「学術研究事始めA・B」  日置尋久(総合人間学部・准教授)

科目の概要

 平成19年度から全学共通科目として、「学術研究事始めA」を前期、同Bを後期に1コマずつ開講している。内容としては前期、後期と続けて受講す ることを想定して設計されている。本科目は「研究リテラシー入門コース」の1つであり、同コースでは他に「研究の世界A・B」が開講されている。
  本科目は、主に1,2回生を対象として、研究活動を一通り体験してみること自体を目的としている。研究テーマを受講生が自由に選定するようにしていること が大きな特徴であり、テーマを選定すること自体が授業での大きな目標となる。そのことをきっかけとして、受講生が自分のやりたいことを見つめ直し、その目 標に到達するために必要となる学習カリキュラムを自ら設計することがこの授業のもう1つの目的である。


授業の流れ

 授業では、まず研究テーマを決めるための最初のステップとして、受講生に論文を検索してもらう。このとき一般的なキーワードから始めて、新たなキーワードを見つけてもらうようにする。発見したキーワードはWWW上に用意したボードに順次貼り付けてもらい、また口頭でも簡単に解説してもらうことで、クラス内で情報の共有をはかるようにしている。テーマは自由としているため、担当者も初めて見るようなキーワードが出てくることも少なくない。
  論文を入手した後、一般的な論文の型について知るために、クラスをグループに分けて、グループ毎に、お互いに入手した論文を比較して、論文の構造を分析してもらう。このとき「要旨がある」、「参考文献のリストがある」、あるいは「文章は常体(...である調)で書かれている」など、グループで発見できたことをやはりWWW上のボードに貼り付けてもらう。
  その後、テーマを決めるために、論文の読み方、テーマの明確化のための指針などを示す。受講生は既存の論文や関連資料にあたって、前期終了の時点までにテーマを確定させることが求められる。その成果を示す場として、テーマ発表会を設けている。
  後期は、確定させたテーマについて掘り下げるために、毎回発表者を決めて、クラスでディスカッションを行っていく。ここでは、各受講生が他の受講生に研究内容を説明して自分の考えを明確化させることを狙っている。
  最後に12月に入る頃から、実際に論文執筆に入る。もちろん単に書いて終わりにはしないで、論文としてふさわしい文章に仕上げることを目指して、原稿には修正、再修正を加えていく。
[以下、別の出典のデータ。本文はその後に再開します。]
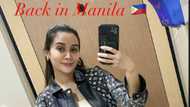 Kris Bernal, nawindang nang malamang 3 kilos ang nadagdag sa timbang sa Korea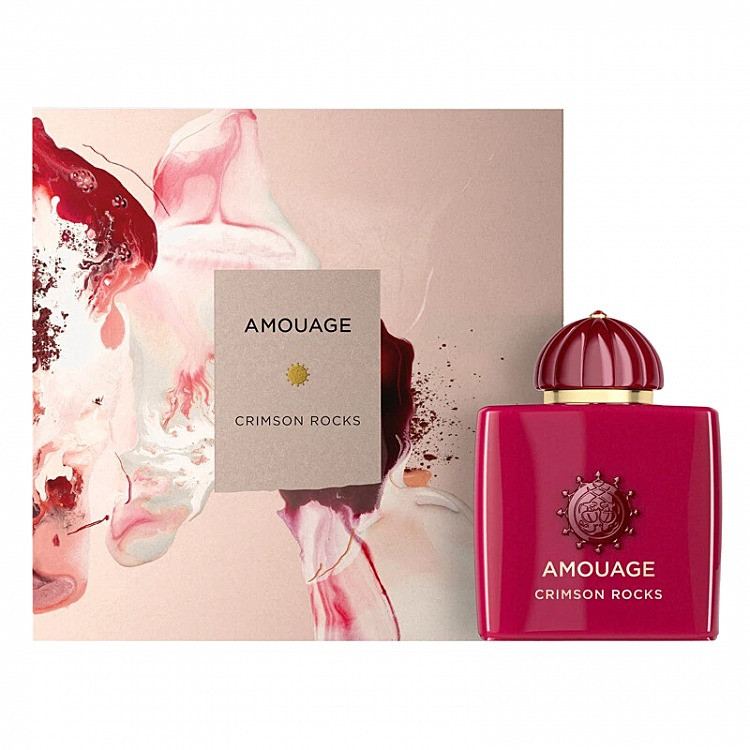 Amouage Crimson Rocks 100ml TESTER (Оригинал) Парфюмерная вода — Amouage Crimson Rocks 100ml TESTER (Оригинал) Парфюмерная вода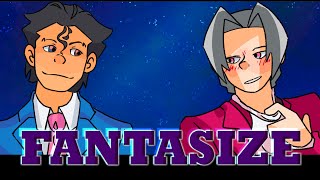 Fantasize  Animation Meme  Narumitsu [upl. by Fraze]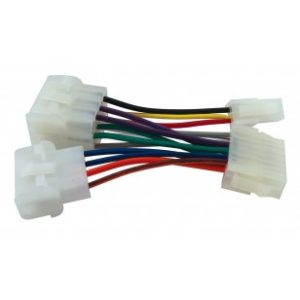 ASA Electronics DVD Player Wiring Harness Adapter 31100133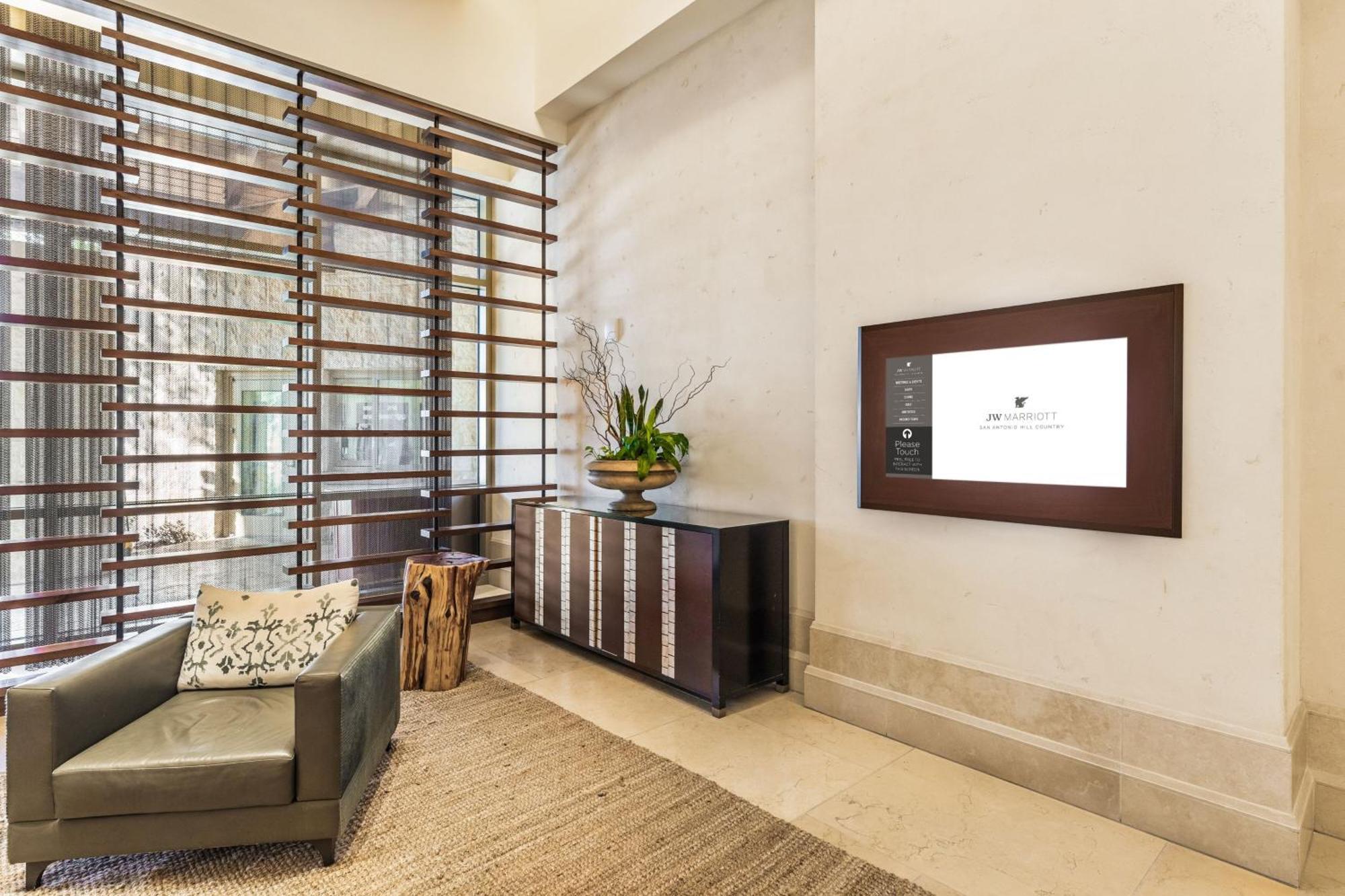 Jw Marriott San Antonio Hill Country Resort & Spa Булверді Екстер'єр фото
このとき、担当者が見るだけでなく、受講生の間で原稿を交換して、コメントをつけるようにする。それを経て、最終的に、1年の成果が論文として提出されることになる。


所感など

 本科目では、自由にテーマを設定できるとはいっても、もちろん、実際にできることには制限がある。授業で使える道具は、基本的にはコンピュータのみであり、授業中はどうしても資料の調査が中心となる。しかしそれに留まらず、自宅で実験を行ったり、早朝から観察を行ったり、プログラムを書いたり、あるいは古い書物を入手したりするなど、授業外にも積極的に活動する受講生が少なからず見受けられた。受講生からも「自分のやりたいことが授業でやれてよかった」といった評価が見られた。このような積極性を引き出せたことは収穫であった。
  一方、興味のある問題はあっても、資料が入手できなかったり、問題が漠然としていて、テーマを絞り込むまでに至らず、リタイアする受講生も見受けられた。そういった場合、そのような学生がやる気がないというわけではなく、むしろ意識が高い場合が少なくない。必ずしも担当者の専門分野ではないテーマについて、どのようにフォローしていくかということは今後の課題である。
  授業で自由にテーマが設定できることについては、受講生にはおおむね肯定的に受け止められているようである。しかし、自由にテーマを設定するがゆえに、担当者自身が必ずしも的確にコメントできなかったり、受講生同士もお互いに関心を持ちにくくなるという問題も生じている。このような問題に対しては、今後可能であれば「研究リテラシー入門コース」に相当する科目を増やして、たとえば前期の段階でテーマに関わる分野を定めて、後期はより専門に近い担当者のコースを選択するというカリキュラムも考えられるのではないだろうか。
  現在の授業形態では受講者数は限られるものの、この授業での活動が卒業研究あるいは他の授業でのレポート作成に取り組むための準備となり、また学術的な活動に対する意識を高めることにつながれば幸いである。